Exes in Crime

Github Trailer

'Exes in Crime' was likely the most ambitious project I worked on during my studies. Created as my 6th semester project in 2021, the vision was a turn based strategy game with a variety of game systems, like a card game system introducing a new flavour of randomness and strategic planning to the genre. At the same time we aimed for a extensive story with big cast of diverse and queer characters. If you want to meet Vin and his exes in crime have a look at the Game Trailer !

Otherwise I want to use this page to talk a bit about the challenges and achievements I encountered as the programmer and producer of this project.
Feel free to watch the following video, which is a short showreel of the different things I worked on. Further below I talk a bit about the two big tools I created for our game designer and artists, which were a big learning focus for me:

  • Map Editor
  • Dialog Editor
  • Showreel

    Editor Tools

    Map Editor

    Part of the vision for the project was a tile based level creation system that would allow for fast level creation and iteration. Therefore a map editor was envisioned that would allow the level designer and the environment artist respectively to build levels that would be conforming to the game systems.

    The main part of the tool is that the prefabs of the tiles snap perfectly to the ground and wall grid and are directly registered in the map data. The map data is pretty much just a dictionary that contains a reference towards the prefab of the tile in the resource folder and its coordinates on the map. From this data the mapmanager can regenerate the map, which is the base skeleton of each level. Upon that, the level designer can put more gameobjects like enemies, safes and other interactables. These additional probs are saved in the scene of the level.

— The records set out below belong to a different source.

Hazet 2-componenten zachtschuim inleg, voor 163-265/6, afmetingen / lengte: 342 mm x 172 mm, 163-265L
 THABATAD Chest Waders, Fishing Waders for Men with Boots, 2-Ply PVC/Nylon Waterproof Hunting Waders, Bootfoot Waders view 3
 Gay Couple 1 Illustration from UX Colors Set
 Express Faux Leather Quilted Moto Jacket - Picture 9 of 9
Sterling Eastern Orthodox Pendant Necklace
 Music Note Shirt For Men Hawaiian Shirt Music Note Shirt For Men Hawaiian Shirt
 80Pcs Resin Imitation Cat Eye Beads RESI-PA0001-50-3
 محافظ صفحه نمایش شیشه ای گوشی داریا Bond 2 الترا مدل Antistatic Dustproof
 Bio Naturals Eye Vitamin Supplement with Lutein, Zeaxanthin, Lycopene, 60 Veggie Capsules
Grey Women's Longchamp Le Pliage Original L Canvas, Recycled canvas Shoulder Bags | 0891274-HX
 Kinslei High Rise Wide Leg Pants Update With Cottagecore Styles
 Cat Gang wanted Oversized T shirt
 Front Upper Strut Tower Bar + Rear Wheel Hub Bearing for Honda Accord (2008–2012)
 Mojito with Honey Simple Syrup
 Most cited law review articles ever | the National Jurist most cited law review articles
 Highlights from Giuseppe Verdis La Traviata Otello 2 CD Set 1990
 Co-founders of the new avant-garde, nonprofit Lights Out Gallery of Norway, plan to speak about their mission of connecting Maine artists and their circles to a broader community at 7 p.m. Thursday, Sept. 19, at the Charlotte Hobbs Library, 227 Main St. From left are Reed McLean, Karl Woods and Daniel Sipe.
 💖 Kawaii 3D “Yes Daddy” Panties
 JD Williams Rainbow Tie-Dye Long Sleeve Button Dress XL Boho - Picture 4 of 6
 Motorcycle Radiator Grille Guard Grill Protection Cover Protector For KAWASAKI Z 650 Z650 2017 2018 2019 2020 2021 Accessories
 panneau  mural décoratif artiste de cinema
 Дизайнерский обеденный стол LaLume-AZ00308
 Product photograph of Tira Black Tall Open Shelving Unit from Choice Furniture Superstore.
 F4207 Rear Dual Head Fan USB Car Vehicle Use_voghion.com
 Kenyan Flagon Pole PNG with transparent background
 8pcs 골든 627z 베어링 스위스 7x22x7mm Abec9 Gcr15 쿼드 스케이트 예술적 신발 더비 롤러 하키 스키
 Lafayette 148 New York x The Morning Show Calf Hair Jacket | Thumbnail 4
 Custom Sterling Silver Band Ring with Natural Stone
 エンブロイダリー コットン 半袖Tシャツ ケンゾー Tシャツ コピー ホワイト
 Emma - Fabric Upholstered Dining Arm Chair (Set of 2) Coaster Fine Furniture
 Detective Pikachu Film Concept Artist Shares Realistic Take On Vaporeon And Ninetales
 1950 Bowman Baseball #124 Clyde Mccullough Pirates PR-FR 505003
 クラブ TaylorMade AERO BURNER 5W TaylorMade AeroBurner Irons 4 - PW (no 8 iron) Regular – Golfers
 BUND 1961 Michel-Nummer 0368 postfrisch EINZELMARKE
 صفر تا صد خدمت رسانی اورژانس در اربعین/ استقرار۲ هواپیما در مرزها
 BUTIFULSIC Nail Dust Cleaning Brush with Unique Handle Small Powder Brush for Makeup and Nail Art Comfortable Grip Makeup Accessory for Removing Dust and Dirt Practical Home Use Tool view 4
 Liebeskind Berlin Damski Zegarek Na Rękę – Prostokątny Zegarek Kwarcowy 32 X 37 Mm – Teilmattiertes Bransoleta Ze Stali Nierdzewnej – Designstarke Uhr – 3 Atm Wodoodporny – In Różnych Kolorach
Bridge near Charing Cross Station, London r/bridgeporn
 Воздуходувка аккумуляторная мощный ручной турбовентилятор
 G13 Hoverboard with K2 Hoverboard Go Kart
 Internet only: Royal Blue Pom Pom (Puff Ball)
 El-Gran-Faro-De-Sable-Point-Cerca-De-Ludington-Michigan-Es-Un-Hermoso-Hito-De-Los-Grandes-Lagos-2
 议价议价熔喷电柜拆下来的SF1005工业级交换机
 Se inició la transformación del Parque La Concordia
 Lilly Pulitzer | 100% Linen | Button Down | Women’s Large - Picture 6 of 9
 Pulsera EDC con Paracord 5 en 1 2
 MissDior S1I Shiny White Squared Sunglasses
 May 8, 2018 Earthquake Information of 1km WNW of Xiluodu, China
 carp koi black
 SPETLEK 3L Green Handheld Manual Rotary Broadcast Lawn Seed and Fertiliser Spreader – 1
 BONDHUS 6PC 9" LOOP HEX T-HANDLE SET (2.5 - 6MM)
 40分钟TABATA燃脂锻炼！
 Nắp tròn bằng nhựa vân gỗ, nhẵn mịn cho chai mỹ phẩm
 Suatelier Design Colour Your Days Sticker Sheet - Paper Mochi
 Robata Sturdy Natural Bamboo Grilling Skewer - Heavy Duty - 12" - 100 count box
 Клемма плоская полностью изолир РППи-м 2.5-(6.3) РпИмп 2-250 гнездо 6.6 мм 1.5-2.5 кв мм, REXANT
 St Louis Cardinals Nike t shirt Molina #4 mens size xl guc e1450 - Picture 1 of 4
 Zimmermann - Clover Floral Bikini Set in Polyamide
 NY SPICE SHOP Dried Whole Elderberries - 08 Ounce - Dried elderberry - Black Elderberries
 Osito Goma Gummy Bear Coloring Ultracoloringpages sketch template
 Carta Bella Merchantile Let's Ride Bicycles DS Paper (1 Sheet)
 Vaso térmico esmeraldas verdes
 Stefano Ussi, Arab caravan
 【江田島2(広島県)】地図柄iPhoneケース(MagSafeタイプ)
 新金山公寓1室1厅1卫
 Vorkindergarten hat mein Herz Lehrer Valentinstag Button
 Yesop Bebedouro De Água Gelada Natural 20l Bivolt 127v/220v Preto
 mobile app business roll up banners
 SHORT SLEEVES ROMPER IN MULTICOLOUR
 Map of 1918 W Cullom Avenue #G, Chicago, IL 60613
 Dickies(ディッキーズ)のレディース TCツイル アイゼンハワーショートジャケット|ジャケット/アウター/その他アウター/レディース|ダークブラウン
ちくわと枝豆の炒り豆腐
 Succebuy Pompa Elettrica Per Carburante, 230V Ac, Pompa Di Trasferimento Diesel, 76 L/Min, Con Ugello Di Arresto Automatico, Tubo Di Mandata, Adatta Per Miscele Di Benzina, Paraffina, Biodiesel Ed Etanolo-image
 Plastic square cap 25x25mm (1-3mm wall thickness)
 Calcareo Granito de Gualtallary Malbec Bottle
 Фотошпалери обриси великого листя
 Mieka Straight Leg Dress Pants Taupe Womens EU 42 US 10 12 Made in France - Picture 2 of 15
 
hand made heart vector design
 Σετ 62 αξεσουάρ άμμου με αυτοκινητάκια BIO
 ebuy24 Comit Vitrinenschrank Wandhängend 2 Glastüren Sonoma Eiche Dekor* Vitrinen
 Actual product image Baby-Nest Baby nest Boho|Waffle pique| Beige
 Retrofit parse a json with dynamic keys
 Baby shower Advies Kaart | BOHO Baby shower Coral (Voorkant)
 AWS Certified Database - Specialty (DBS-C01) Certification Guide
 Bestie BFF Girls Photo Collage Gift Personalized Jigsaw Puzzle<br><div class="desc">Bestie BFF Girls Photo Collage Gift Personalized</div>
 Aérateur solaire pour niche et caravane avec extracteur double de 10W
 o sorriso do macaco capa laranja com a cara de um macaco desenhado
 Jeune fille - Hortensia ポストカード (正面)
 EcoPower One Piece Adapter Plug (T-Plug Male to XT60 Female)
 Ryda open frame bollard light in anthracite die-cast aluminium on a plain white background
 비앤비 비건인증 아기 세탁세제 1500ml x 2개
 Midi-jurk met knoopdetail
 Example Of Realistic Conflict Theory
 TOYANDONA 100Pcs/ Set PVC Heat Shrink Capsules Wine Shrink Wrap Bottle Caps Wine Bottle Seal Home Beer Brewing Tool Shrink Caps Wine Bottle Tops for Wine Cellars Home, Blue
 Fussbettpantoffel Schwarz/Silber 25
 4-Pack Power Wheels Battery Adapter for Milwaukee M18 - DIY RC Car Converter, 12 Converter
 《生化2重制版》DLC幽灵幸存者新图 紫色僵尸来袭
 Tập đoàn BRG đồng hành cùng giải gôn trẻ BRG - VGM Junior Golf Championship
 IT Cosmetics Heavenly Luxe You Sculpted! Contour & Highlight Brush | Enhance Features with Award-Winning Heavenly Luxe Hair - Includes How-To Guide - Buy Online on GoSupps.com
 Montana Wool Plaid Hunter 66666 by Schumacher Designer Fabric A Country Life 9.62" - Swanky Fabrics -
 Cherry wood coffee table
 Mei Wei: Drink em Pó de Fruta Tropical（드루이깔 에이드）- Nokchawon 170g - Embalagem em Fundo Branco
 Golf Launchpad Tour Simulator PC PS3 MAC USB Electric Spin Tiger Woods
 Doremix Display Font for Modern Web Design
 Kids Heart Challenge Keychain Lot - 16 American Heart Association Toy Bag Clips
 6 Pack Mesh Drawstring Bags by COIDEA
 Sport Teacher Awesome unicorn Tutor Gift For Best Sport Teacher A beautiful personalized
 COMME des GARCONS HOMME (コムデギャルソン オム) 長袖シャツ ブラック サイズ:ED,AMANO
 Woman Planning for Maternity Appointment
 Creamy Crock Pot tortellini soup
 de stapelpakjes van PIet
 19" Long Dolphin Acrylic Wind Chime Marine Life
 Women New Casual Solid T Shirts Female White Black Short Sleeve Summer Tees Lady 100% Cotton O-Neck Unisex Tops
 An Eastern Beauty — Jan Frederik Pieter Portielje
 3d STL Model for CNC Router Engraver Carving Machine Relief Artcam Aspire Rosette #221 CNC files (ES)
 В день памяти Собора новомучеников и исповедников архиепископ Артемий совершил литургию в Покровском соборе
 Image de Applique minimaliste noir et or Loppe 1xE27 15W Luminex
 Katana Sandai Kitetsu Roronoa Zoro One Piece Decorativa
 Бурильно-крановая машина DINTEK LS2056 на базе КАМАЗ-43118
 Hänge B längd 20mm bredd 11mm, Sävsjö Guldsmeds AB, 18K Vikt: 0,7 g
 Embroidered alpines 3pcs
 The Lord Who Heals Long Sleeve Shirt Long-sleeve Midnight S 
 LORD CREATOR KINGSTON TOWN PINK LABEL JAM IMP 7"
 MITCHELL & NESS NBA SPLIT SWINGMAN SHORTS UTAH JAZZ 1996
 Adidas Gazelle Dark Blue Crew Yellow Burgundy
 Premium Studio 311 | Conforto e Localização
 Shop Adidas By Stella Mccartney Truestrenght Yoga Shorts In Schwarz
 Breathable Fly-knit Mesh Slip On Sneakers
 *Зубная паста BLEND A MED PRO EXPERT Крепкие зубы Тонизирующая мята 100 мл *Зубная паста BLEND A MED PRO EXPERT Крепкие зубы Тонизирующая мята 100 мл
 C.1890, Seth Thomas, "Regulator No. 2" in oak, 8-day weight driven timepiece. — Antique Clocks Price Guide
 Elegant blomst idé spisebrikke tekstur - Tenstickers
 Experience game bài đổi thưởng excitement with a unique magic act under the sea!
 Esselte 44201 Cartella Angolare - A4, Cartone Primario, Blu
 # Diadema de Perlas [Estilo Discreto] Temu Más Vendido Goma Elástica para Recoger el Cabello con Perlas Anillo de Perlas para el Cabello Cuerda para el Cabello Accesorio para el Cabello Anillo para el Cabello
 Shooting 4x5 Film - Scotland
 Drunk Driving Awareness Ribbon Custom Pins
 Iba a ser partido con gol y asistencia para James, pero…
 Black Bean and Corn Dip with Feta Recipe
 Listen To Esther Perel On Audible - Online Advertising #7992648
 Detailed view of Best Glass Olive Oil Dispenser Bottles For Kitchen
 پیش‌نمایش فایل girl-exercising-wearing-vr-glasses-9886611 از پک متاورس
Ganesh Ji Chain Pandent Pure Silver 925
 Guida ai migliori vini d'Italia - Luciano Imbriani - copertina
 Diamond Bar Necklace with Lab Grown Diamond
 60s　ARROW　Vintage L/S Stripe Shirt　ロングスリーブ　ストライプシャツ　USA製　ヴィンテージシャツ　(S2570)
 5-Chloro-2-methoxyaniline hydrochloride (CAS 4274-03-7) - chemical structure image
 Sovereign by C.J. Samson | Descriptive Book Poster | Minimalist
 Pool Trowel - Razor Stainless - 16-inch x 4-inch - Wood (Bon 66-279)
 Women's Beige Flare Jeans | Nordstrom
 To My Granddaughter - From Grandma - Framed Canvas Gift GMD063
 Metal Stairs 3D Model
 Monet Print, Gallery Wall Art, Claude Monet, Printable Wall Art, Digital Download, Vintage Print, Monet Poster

    We realized relatively early that by instanciating for each tile it's own prefab the performance dropped heavily, since each mesh of the prefab was treated individually in the render queue. Luckily the strucutre of how we saved the map data gave us options to manipulate how the visuals of the objects get generated. Instead of instancing each prefab, the prefabs get added to a special list marking the meshes of the needed prefab to be instanced rendered. Everytime the same prefab would pop up in the map, it would just add a counter to it's meshes that are already in the list and give the coordinates the copy should be rendered. Enhancing performance significantly.

    Dialog Editor

    To give narrative designer a more accesible tool to create, test and iterate over the many conversations the game has. The Scriptable object approach makes it possible to save changes, which are made when testing conversations during play mode. The custom Dialog objects contain information about the displayed text, the two sprites which are going to be displayed and an optional voiceline to play. The editor window allows to edit those values in a more cleanly structured way than editing the array of textboxes directly in the editor. The designer can also add and delete textboxes and change the order they get presented.